The CAP-Gly domain of p150(Glued) in axonal transport and neurodegernative disease

Dynactin is a required cofactor for the minus-end directed microtubule motor cytoplasmic dynein. Mutations within the highly conserved CAP-Gly domain of dynactin cause two distinct neurodegenerative diseases: Perry syndrome and distal hereditary motor neuropathy 7B. The mechanism by which the CAP-Gly domain promotes dynein motor function remains unclear and how these distinct point mutations cause two disparate diseases is unknown. Here, I report a novel function for the CAP-Gly domain of dynactin.
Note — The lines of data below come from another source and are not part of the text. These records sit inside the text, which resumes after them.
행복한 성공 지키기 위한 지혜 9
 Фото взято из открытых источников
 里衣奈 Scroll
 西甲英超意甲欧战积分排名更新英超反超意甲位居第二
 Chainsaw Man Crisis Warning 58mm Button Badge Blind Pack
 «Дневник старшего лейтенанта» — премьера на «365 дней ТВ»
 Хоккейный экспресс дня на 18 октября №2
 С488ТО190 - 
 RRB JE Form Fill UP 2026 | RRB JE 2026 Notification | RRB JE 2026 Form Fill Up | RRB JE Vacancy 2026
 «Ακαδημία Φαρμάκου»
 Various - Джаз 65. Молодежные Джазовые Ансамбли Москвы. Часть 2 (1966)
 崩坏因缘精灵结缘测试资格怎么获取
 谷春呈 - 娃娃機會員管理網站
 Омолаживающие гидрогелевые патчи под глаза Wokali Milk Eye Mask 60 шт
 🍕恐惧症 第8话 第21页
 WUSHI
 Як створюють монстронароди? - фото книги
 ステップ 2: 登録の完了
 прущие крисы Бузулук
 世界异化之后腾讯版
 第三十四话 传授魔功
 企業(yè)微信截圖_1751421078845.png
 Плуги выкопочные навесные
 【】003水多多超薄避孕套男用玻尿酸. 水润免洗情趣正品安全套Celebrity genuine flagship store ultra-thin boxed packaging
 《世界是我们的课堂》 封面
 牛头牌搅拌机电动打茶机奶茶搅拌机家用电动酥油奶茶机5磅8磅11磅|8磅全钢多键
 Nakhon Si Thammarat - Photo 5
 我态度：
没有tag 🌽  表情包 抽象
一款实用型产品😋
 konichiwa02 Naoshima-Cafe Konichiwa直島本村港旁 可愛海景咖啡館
Using a combination of cell biological and biochemical techniques in primary neurons, I show that the CAP-Gly domain is necessary to enrich dynactin at the distal end of primary neurons. While the CAP-Gly domain is not required for sustained transport along the axon, I find that the distal accumulation facilitates the efficient initiation of retrograde vesicular transport from the neurite tip. Dynactin is delivered to the distal neurite by kinesin-1 and this highly stable pool of dynactin is retained in the distal neurite by end-binding proteins, EBs. The EBs recruit dynactin to the microtubule plus-end and are necessary for the efficient initiation of retrograde transport. Further I show that Lis1, also a proposed dynein initiation factor, acts distinctly and independently from dynactin's role in transport initiation. The neurodegenerative disease mutations in the CAP-Gly domain induce distinct disruptions in intracellular motility. The HMN7B mutation destabilizes the CAP-Gly domain, preventing efficient incorporation of the mutant protein into the dynein-dynactin complex and effectively disrupts axonal transport by acting as a dominant-negative inhibitor of dynein motor function. In contrast, the Perry syndrome mutations cause a loss of CAP-Gly function that results in a failure to localize p150Glued in distal processes, leading to an inhibition of transport initiation. Together, these results indicate that dynactin enhances dynein-mediated transport and the efficient initiation of axonal transport through distinct mechanisms. Thus, I propose a model in which distal dynactin is a key mediator in promoting the interaction among the microtubule, dynein motor, and cargo for the efficient initiation of transport. Mutations in the CAP-Gly domain disrupt the formation of the motor-cargo complex, highlighting the specific defects in axonal transport that may lead to neurodegeneration.